L’adhésion au CILIP se fait selon deux procédures. Pour des raisons juridiques, les personnes jusqu’alors inscrites à l’IIS doivent demander leur affiliation au CILIP, alors que les transferts d’adhésion des membres de la LA sont automatiques. Sur le fond, le statut des membres est peu ou prou resté identique, dans la mesure où chacun peut proposer sa candidature au conseil. Quant au montant de l’adhésion, il y a tout lieu de penser qu’il sera fixé en fonction du salaire. Au vu des estimations actuelles, le CILIP devrait rassembler quelque 23 000 adhérents. Ceux-ci pourront, comme dans leurs anciennes associations professionnelles, jouer un rôle dans les commissions régionales ou dans des groupes de travail particuliers. La nouvelle organisation comprendra au total neuf commissions régionales pour l’Angleterre, une pour l’Écosse, une pour le pays de Galles et une pour l’Irlande du Nord ; quant aux groupes de travail, ils sont d’ores et déjà plus d’une vingtaine. Ouvert à tous les professionnels des bibliothèques et des services de documentation, le CILIP s’efforcera de rallier le plus grand nombre d’entre eux. Son but est d’effectuer la synthèse entre leurs métiers respectifs à partir des savoir-faire et des compétences qu’ils partagent, quel que soit le lieu où ils travaillent.
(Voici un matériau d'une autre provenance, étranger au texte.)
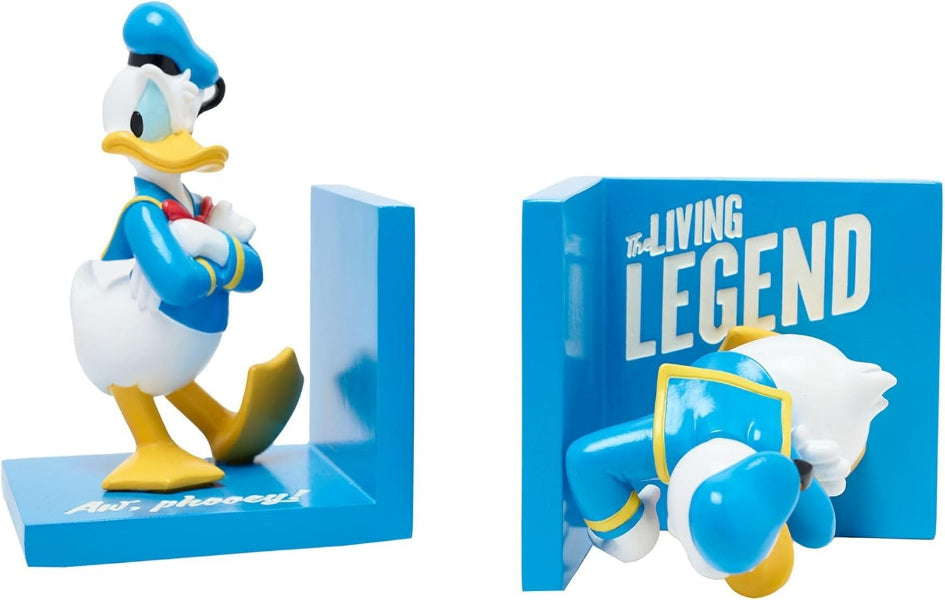 Donald Duck figurine with 'The Living Legend' text on a blue background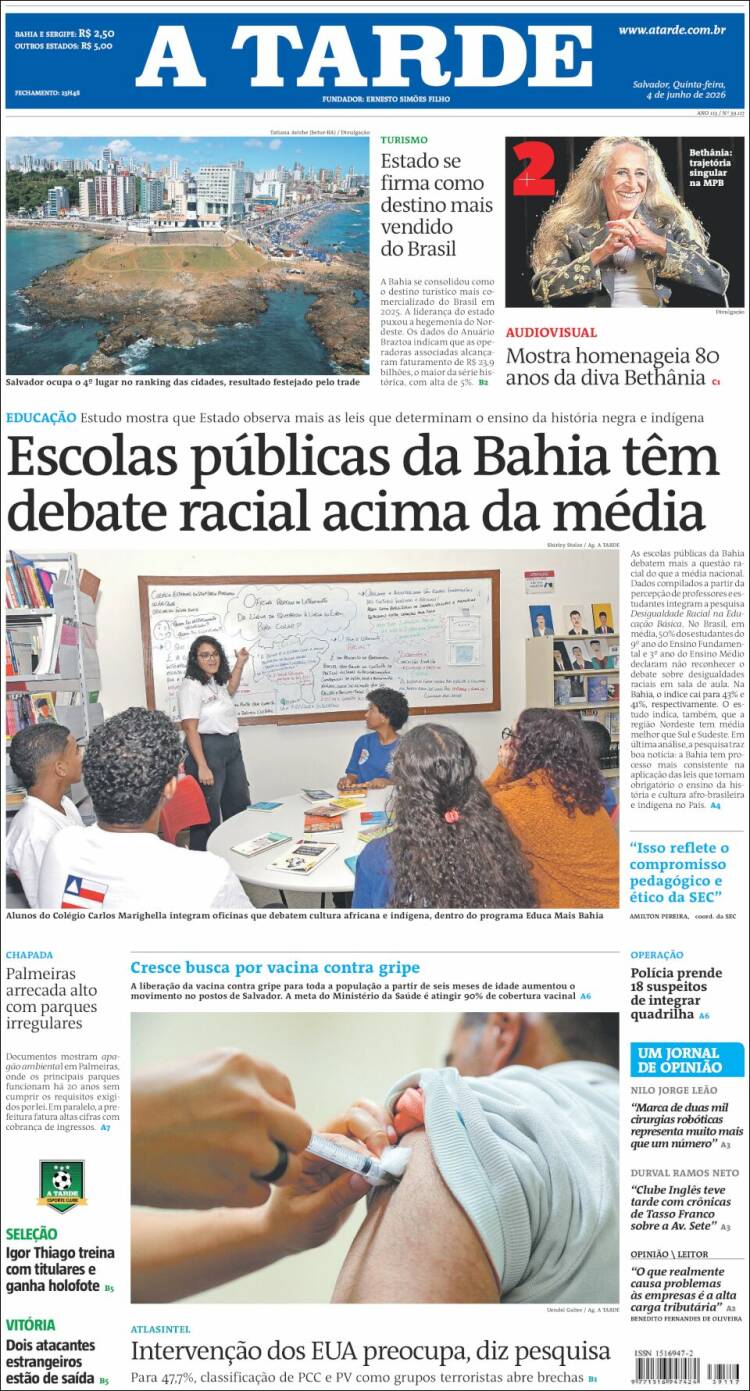 Portada de Diário A Tarde (Brasil)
Une des toutes premières décisions prises par le conseil portait sur le logo du CILIP. Le graphisme reprend l’acronyme, qui vient s’inscrire en minuscules sur une ligne ondulée, l’appellation complète de l’organisation étant placée, selon les cas, en dessous ou à côté. Lorsqu’on mentionne le CILIP dans un texte, mieux vaut en revanche écrire le sigle en majuscules afin de le rendre plus lisible en tant que tel. Juste avant que la fusion devienne officielle, les membres des deux organisations mères s’interrogèrent sur sa prononciation : fallait-il dire « cilip » ou « kilip » ? « Cilip », trancha le conseil, avec un c doux comme dans « cyber ».
Sur le plan administratif, les choses n’ont pas fondamentalement changé. Le CILIP a son siège dans les locaux de la défunte LA. Depuis le mois d’avril dernier, les deux associations disposent d’un site web commun **, qui fournira également le « radical » des adresses de courrier électronique du personnel travaillant dans l’immeuble londonien de Ridgmount Street.
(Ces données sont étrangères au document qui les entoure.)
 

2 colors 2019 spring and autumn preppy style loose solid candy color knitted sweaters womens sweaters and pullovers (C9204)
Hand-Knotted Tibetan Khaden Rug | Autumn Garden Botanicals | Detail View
La LA et l’IIS sont tombés d’accord pour fixer à trois ans, d’avril 2002 à mars 2005, la période dite « de transition ». Quand elle prendra fin, les principales structures du CILIP (nouvelles commissions régionales, nouveau cadre des qualifications, nouveau code de conduite et d’éthique, etc.) seront en place. Dans l’intervalle, les adhérents sont encouragés à participer activement au déroulement des programmes d’intégration.
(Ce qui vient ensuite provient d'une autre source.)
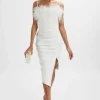 Clearance Lavish Alice Jessica Feather Bandeau Pleated Midi Dress In White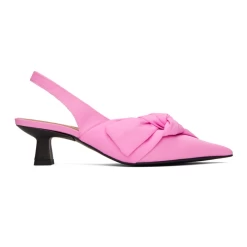 Ganni Soft Bow Slingback Pump, Cyclamen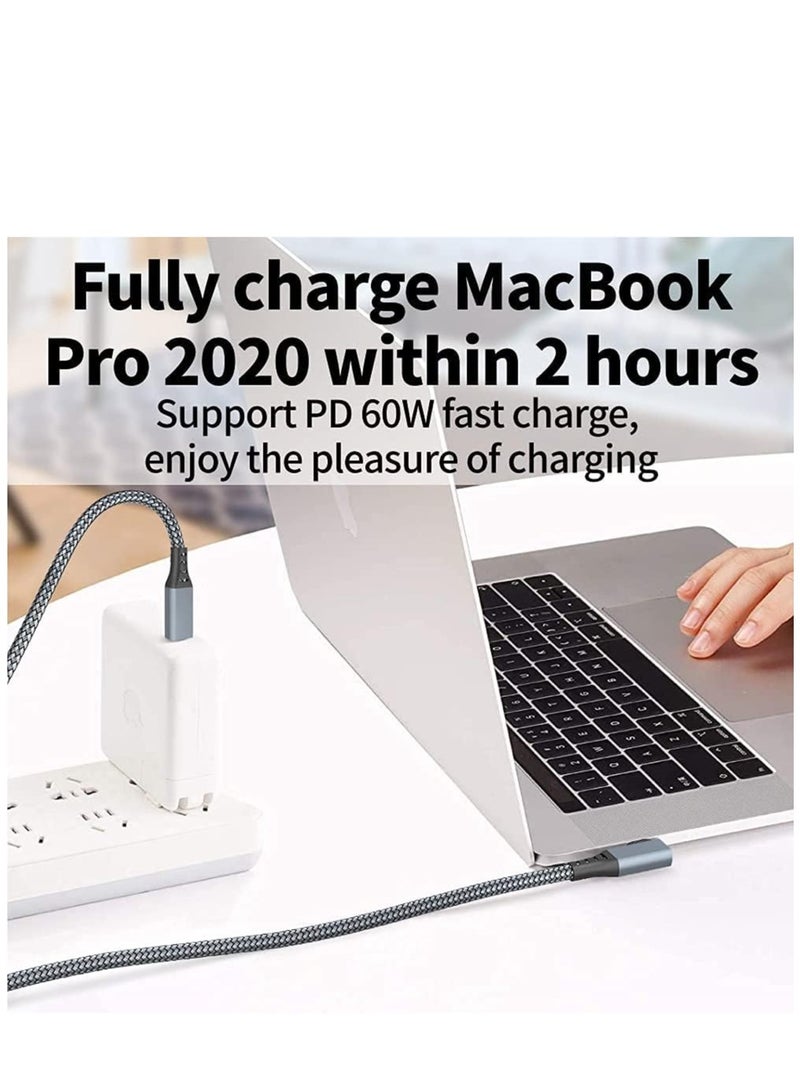 كابل ربط طويل إضافي بطول 16 قدم لجهاز Oculus Quest 2 / Quest VR ونظام ألعاب الكمبيوتر، كابل شحن سريع USB-C إلى USB-C متوافق مع هواتف Samsung Galaxy S22 S21 S20 Plus Ultra Note 20 (رمادي) - Image 2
Un nouvel éditeur, Facet Publishing
Les éditions de l’ex-LA se présenteront sous un jour complètement nouveau. LA Publishing, l’ancienne maison d’édition de l’Association des bibliothécaires, devient Facet Publishing (allusion au schéma de classification). Adressée aux métiers de l’information et de la documentation, elle publiera dans des domaines très divers, de la gestion des connaissances aux services « hybrides », mi-littéraires, mi-documentaires, en passant par Internet, la numérisation et la formation au moyen des outils électroniques. Elle se fera essentiellement connaître par la nouvelle revue des adhérents, (Library + Information) Update, qui remplace à la fois le LA Record (publié depuis 1899), et Inform, le bulletin de l’IIS (publié depuis 1975). Le premier numéro du mensuel Update est sorti en avril 2002.